■ Description of the task ■
Begin at the line containing "Plieger Art-line spiegel" and give again every line to the end of the records, exactly, without the pictures.

Supplied material Start Marker

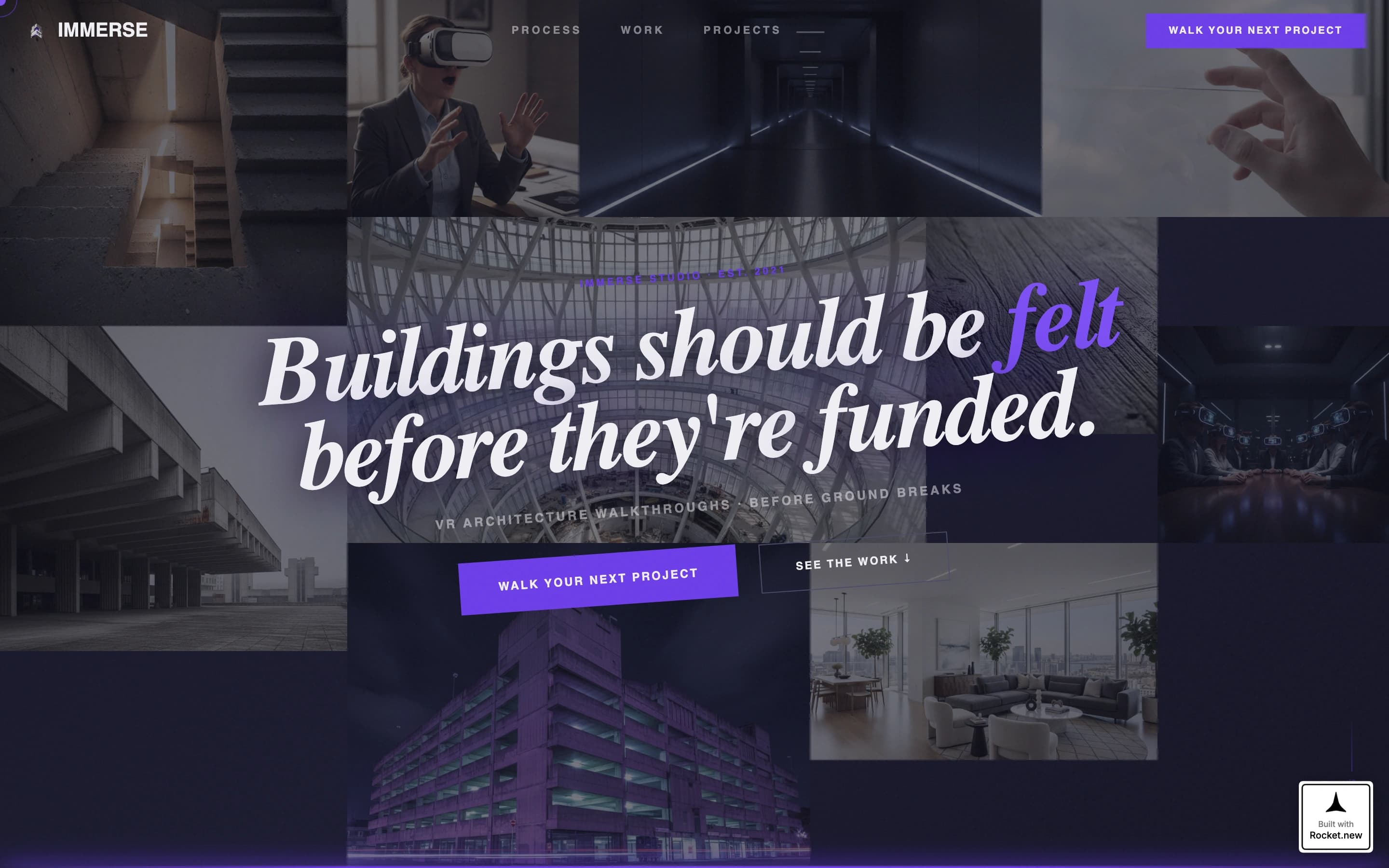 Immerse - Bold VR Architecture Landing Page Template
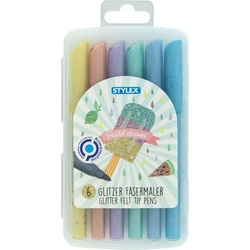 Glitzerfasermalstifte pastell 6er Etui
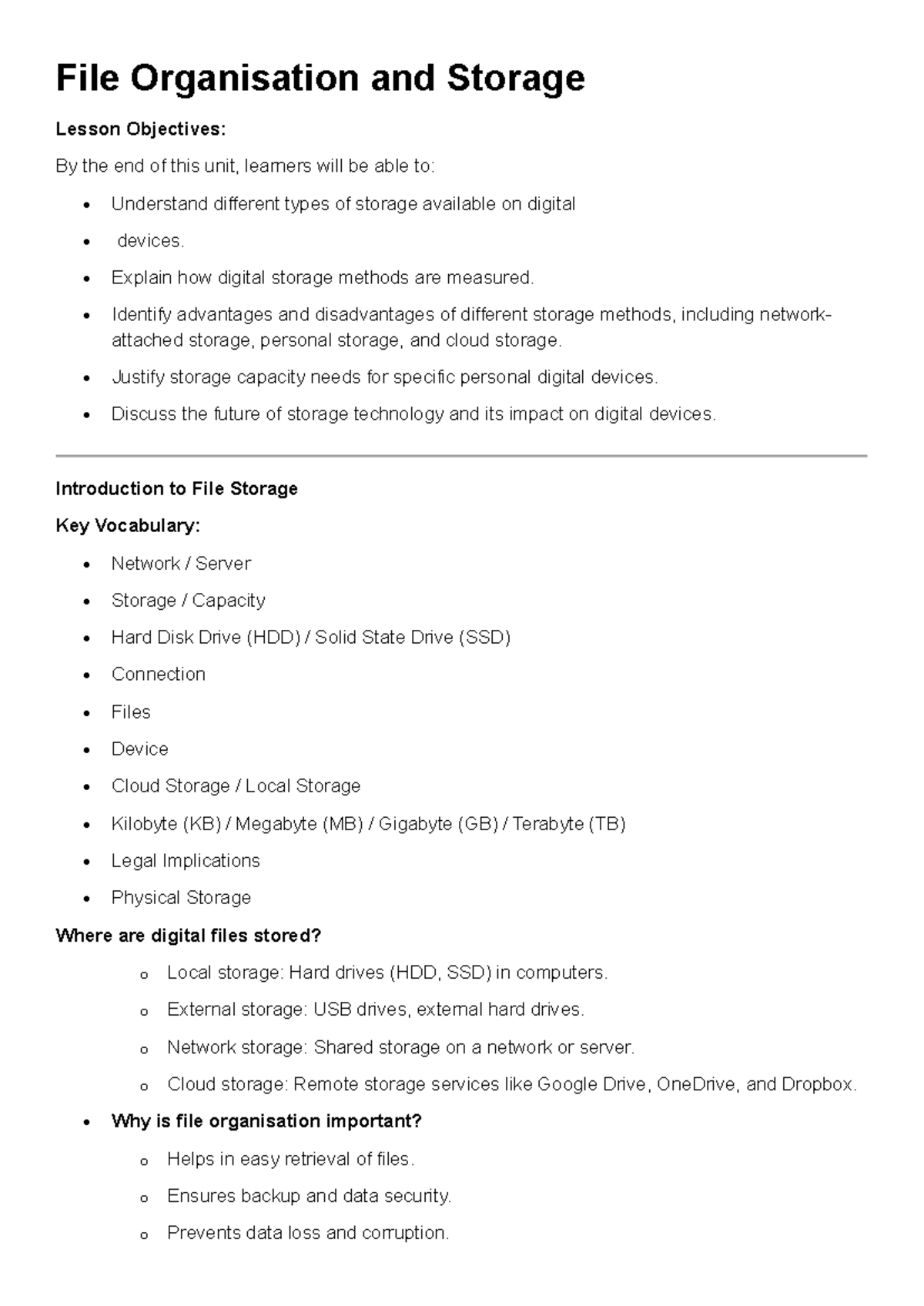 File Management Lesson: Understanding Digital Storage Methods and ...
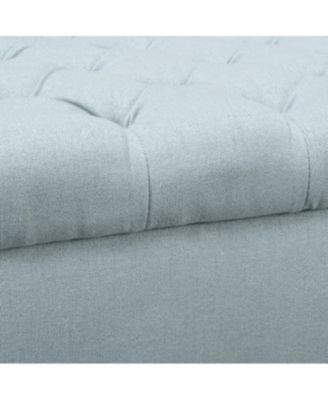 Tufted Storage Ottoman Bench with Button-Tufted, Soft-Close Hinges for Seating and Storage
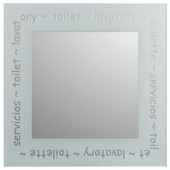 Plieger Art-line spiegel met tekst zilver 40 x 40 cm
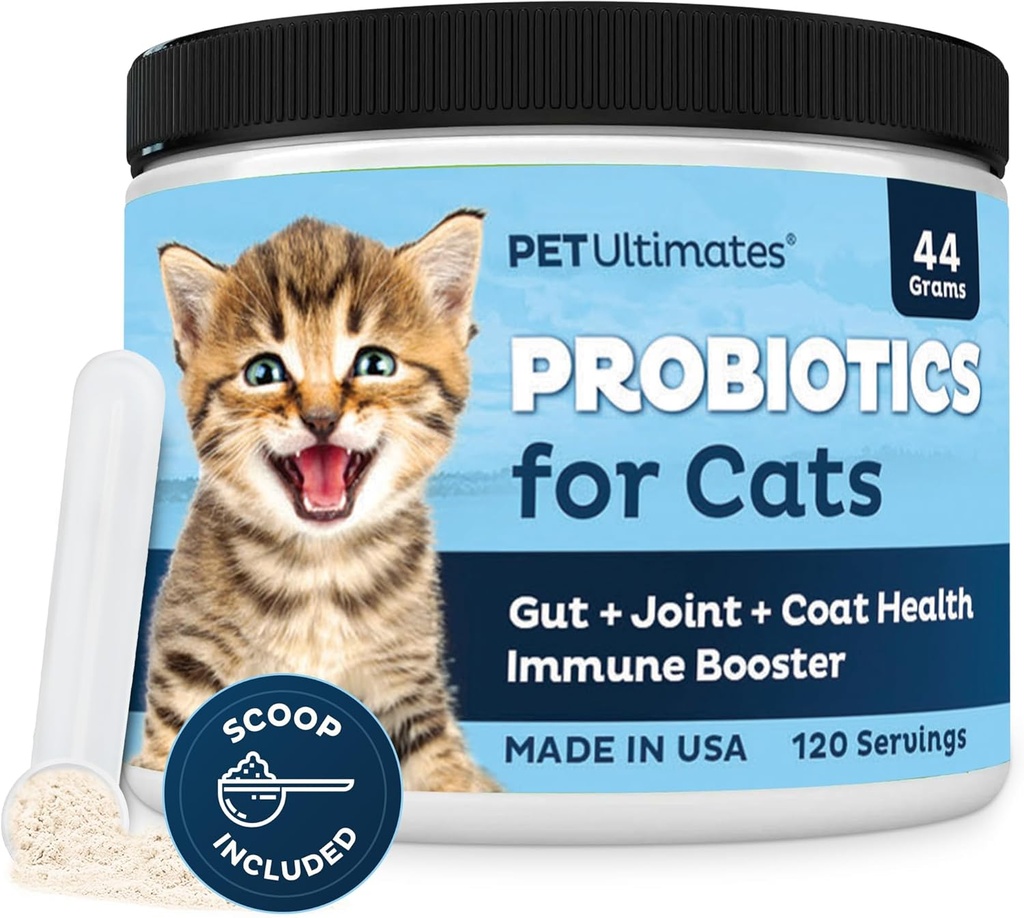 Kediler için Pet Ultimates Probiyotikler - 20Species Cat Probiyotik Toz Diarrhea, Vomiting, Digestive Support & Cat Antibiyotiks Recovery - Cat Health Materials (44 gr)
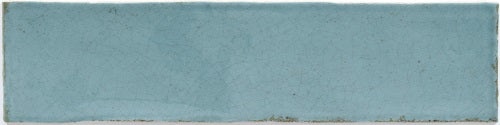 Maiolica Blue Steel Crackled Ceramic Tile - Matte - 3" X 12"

Supplied material End Marker

■ Solved problem ■
 Plieger Art-line spiegel met tekst zilver 40 x 40 cm
 Kediler için Pet Ultimates Probiyotikler - 20Species Cat Probiyotik Toz Diarrhea, Vomiting, Digestive Support & Cat Antibiyotiks Recovery - Cat Health Materials (44 gr)
 Maiolica Blue Steel Crackled Ceramic Tile - Matte - 3" X 12"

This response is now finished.